1. D-ランクでもその減額幅が基本給の10%を超えないこと
2. 絶対評価であること
3. 事前に説明会などで周知徹底し、社員が納得していること
4. 最低賃金を下回らないこと

この4点を守れば、マイナス査定の導入が「就業規則の不利益変更」と批判されることを回避できます。特に社員に覚えておいてもらうことは、相対評価だと一定数がマイナス査定となるのですが、あくまでも絶対評価による査定なので、高得点を取りさえすれば全員がプラス査定になるということでしょう。これは社員に希望を与えることになります。

マイナス査定ばかりを受けると、不満を感じて退職してしまう恐れを持つかも知れません。しかし、評価2回の平均点で査定すれば、たった一度の評価でマイナスになることはなく、たとえ一度マイナスの評価となっても挽回のために一定の期間が担保されていますので、公平性は高くなります。

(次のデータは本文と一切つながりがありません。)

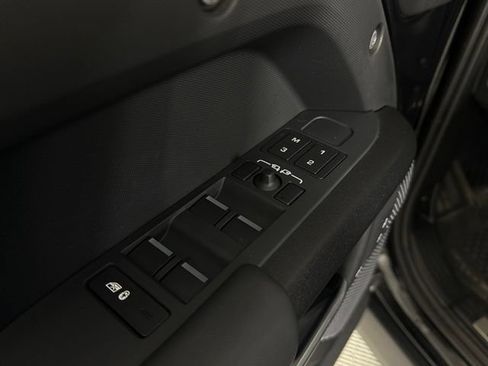 Used 2023 Land Rover Defender 110 V8 AWD/4WD image 29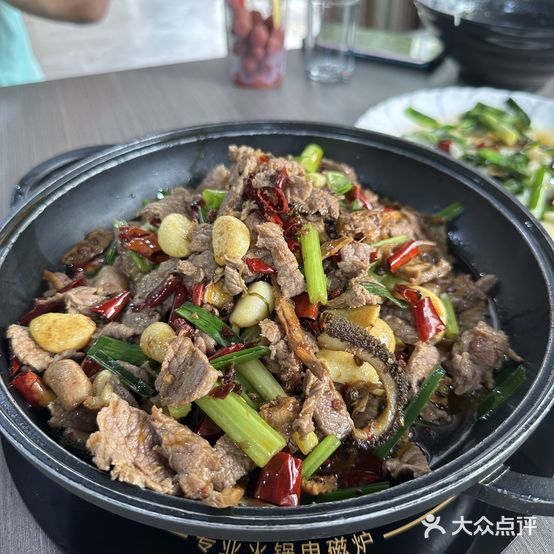 佳荣举哥生态牛肉馆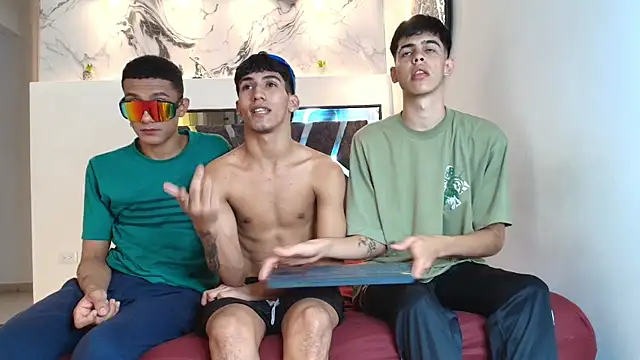 Snapshot of IMPERIO_ROMANO chatting on 11/07/25, 07:36 IMPERIO ROMANO online show from 11/07/25, 07:36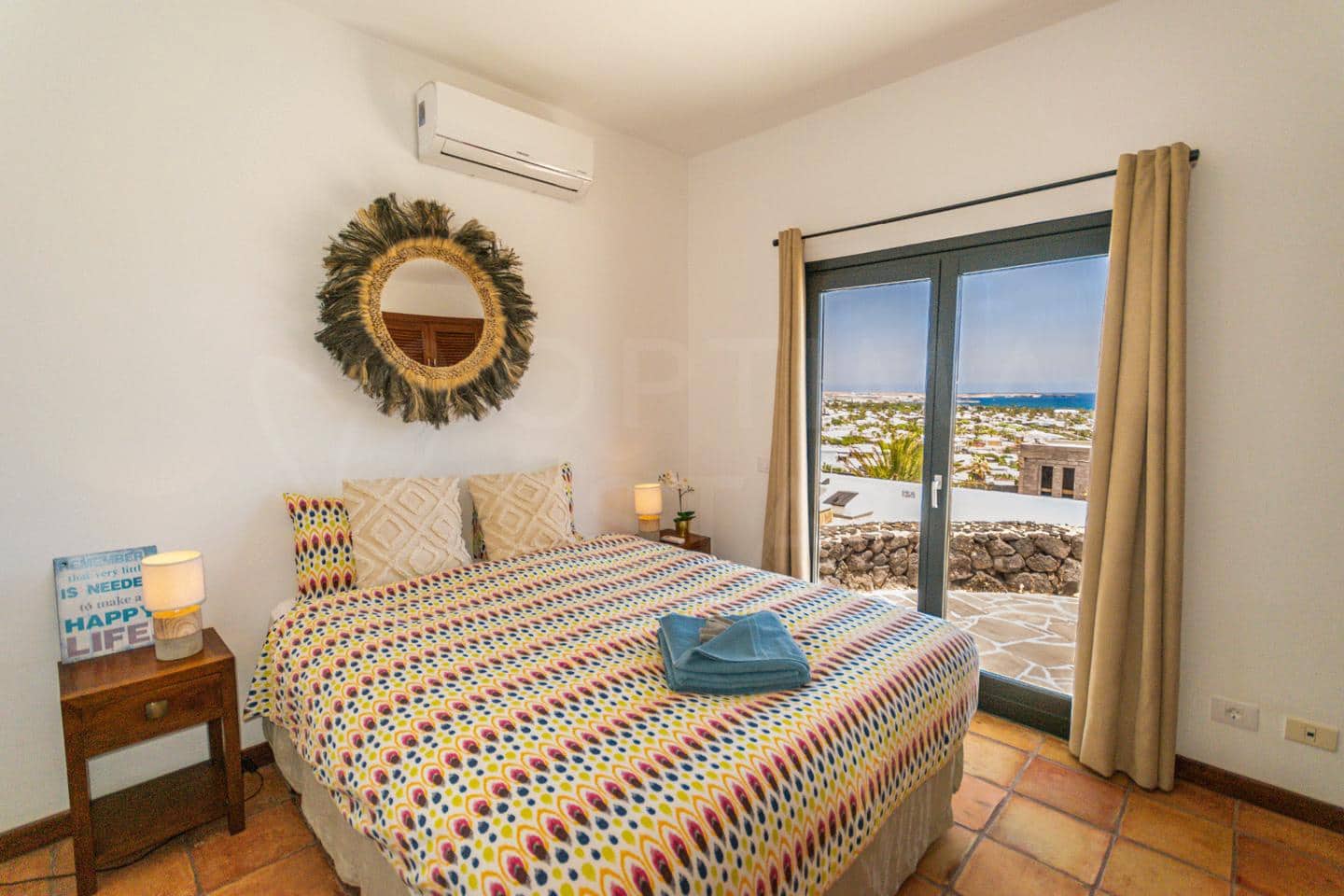 4 bedroom Villa for sale in Playa Blanca with pool - € 1,680,000 (Ref: 9993649)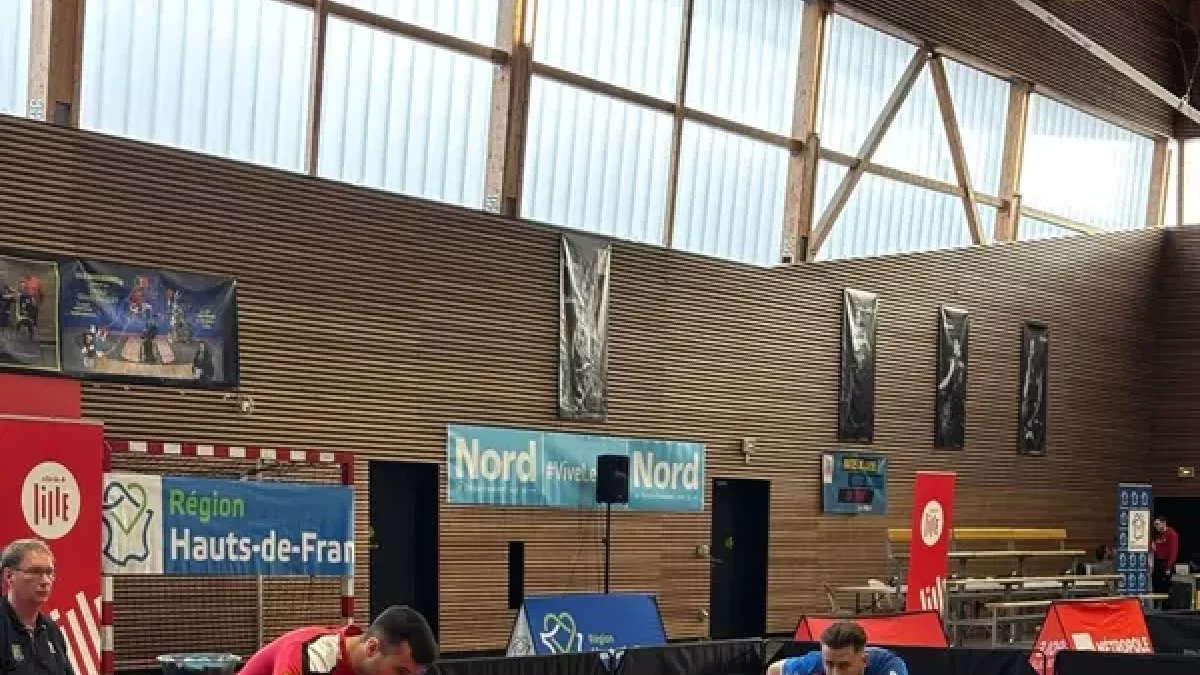 Imagen del partido que disputó ayer el Borges ante el Ostrava en Lille.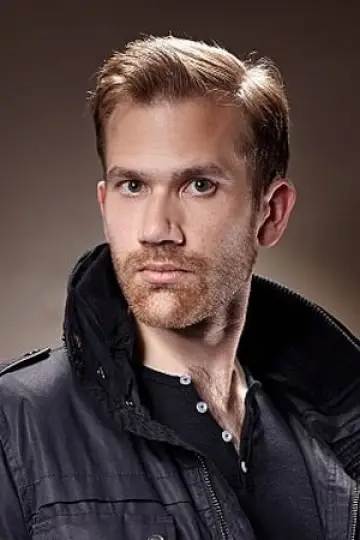 Zdjęcie Aaron Moorhead #86927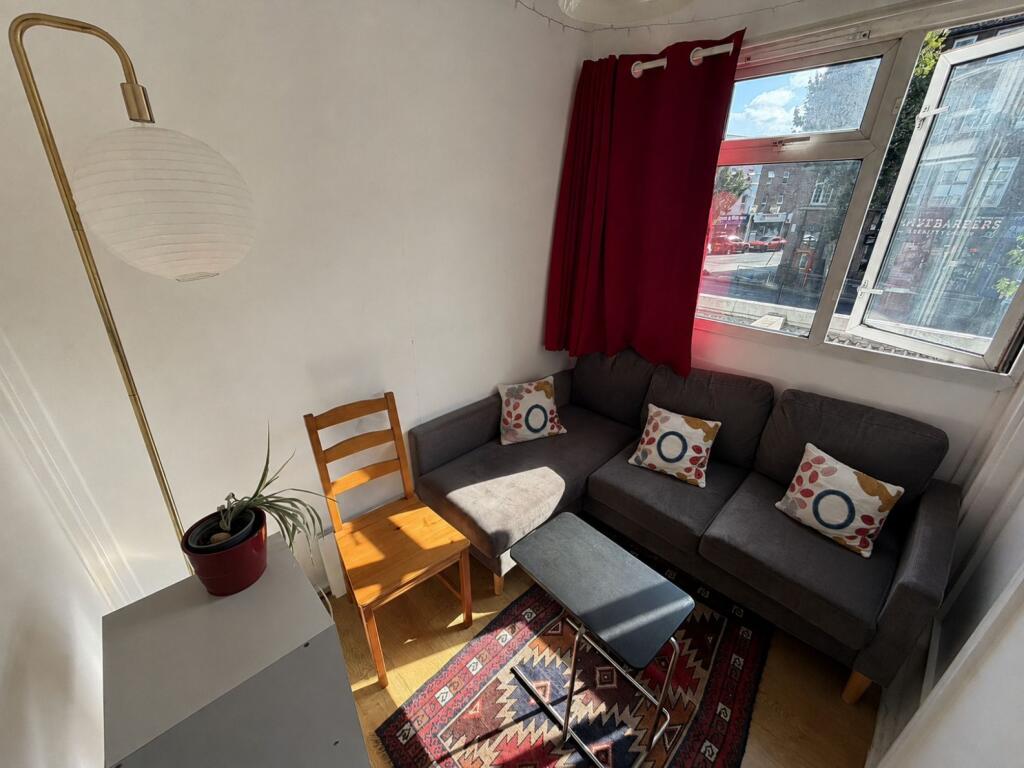 Gateway - 4 Bedroom with Lounge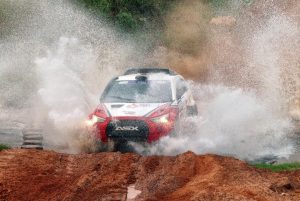 Mitsubishi ASX Racing vista de frente, deixando um rastro de poeira para trás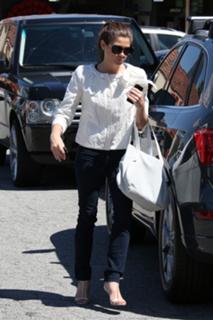 Ashley Greene feet photo thumbnail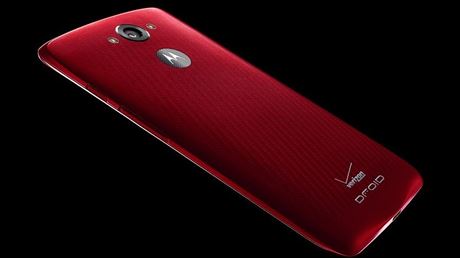 piková Motorola Droid Turbo na tiskovém snímku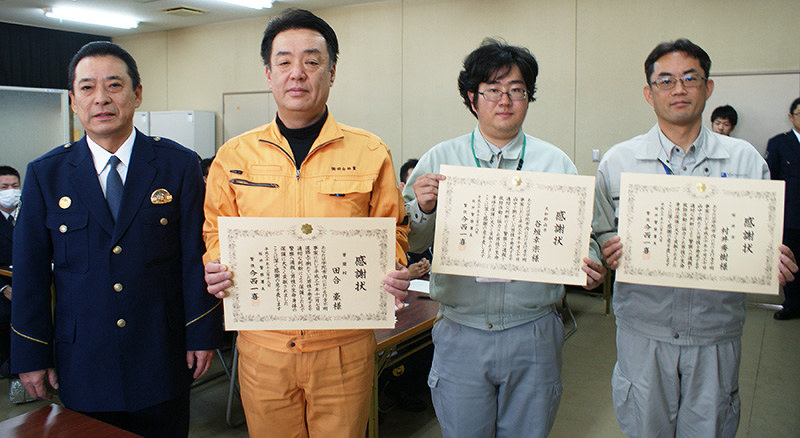 感謝状 あなたの判断に感謝 行方不明者を発見 保護 谷垣さん 村井さん 田合さん 奈良 毎日新聞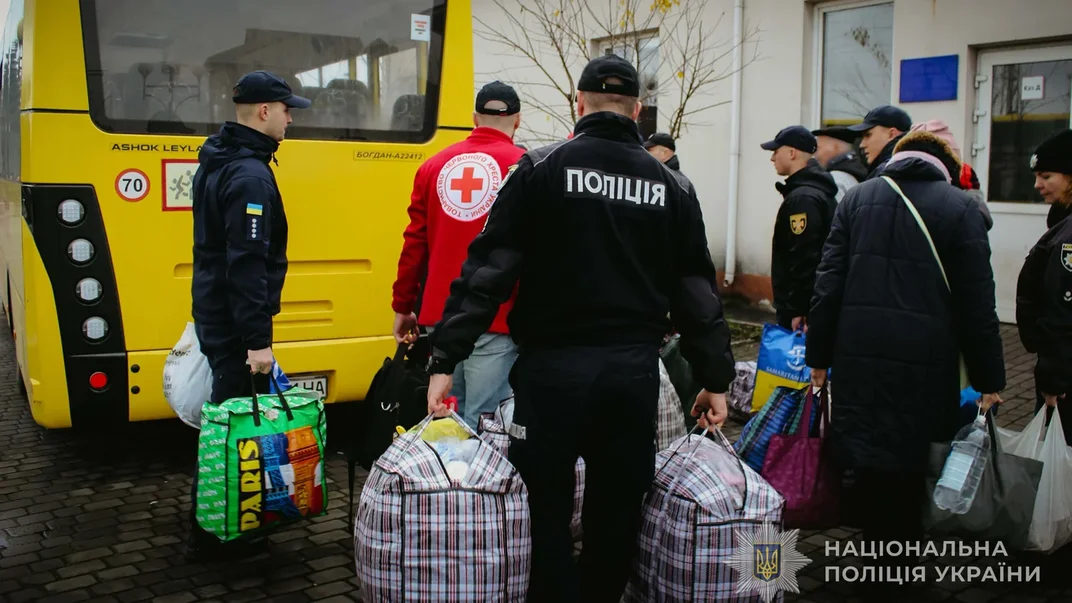 Ілюстративне фото. Поліціянти та представники МКЧХ у Ковелі на Волині зустрічають евакуйованих жителів Донеччини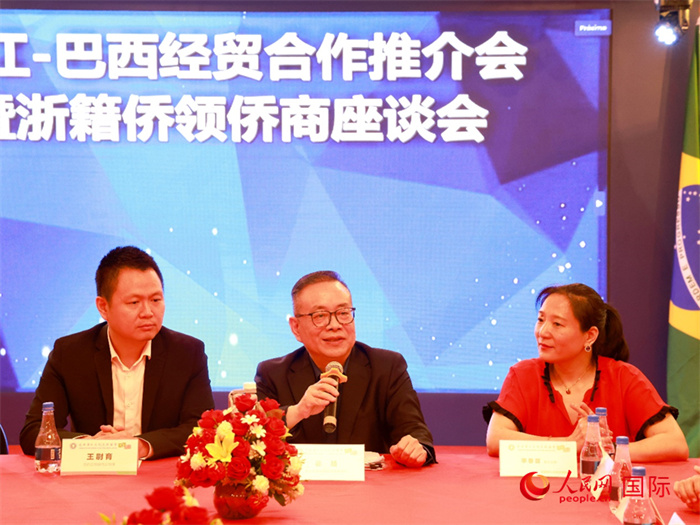 浙江海外聯(lián)誼會(huì)常務(wù)副會(huì)長徐旭（中）和與會(huì)僑領(lǐng)僑商座談。人民網(wǎng)記者 陳海琪攝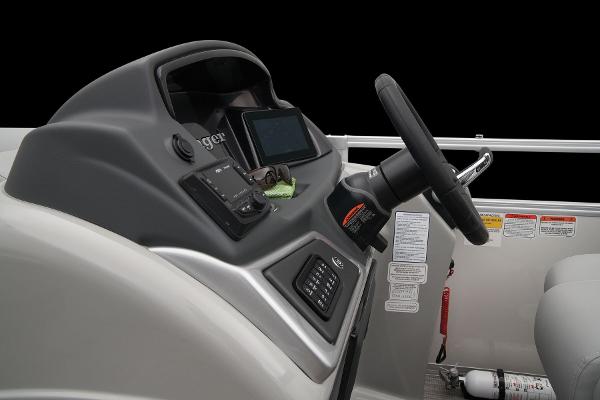 2025 Ranger Reata 243C - 44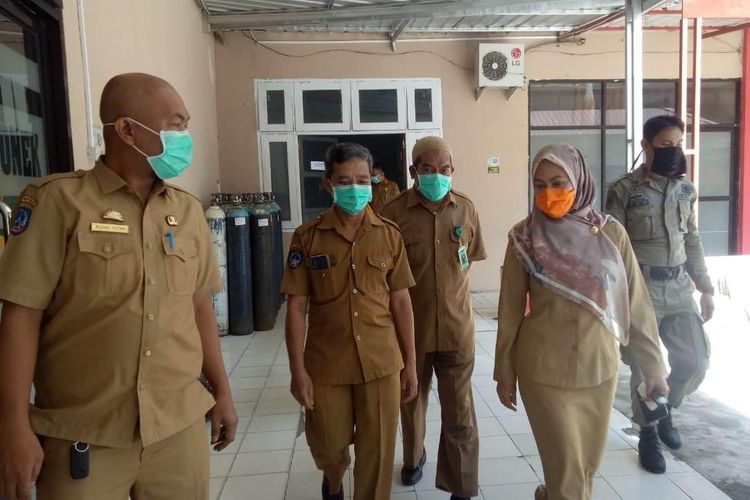 Bupati Luwu Utara Indah Putri Indriani saat mengecek kesiapan dan kelengkapan fasilitas ruang isolasi RSUD Andi Djemma Masamba di Kelurahan Kasimbong jalan Sultan Hasanuddin, Masamba Selasa (24/3/2020).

一方、評価する側にも緊張感が求められます。評価者が受け持つ人数は8~10人が適正とされています。それ以上になるなら、中間管理職を増やすか組織変更をすることをおすすめします。この程度の人数なら、四半期評価であっても負担は大きいとはいえず、むしろマネジメントする上で必要な業務の範囲内と言えます。

このほか、四半期ごとに目標設定をしていくのは社員にとっても負担になるとの指摘もあります。ただ、担当部署や仕事内容が前期と大幅に変化したり、掲げた目標が実績と大きく乖離していたりするような一部社員以外は継続して同じ目標を掲げることが多くなるため、それほどの負担にはならないと言えるのではないでしょうか。

適切な導入・運用はメリットになる

マイナス査定の目的はコスト削減ではありません。頑張っている人もそうでない人も一律に給料を上げる「平等という名の不平等」をやめ、「フェアに差をつける」ことで成果を出している社員に報いることこそ、真の目的です。

社員のやる気が醸成されると、結果として生産性の向上につながります。それによって会社の業績が向上し、評価結果と整合性のある賃上げで社員に還元するという好循環が生まれるといえます。

ただ、こうしたメリットを生むには、評価する立場の人にフェアであることを徹底させ、適切に運用していくことが条件になります。社員から反感を買わずにマイナス査定を推進していくためにも、このポイントだけは外してはならないでしょう。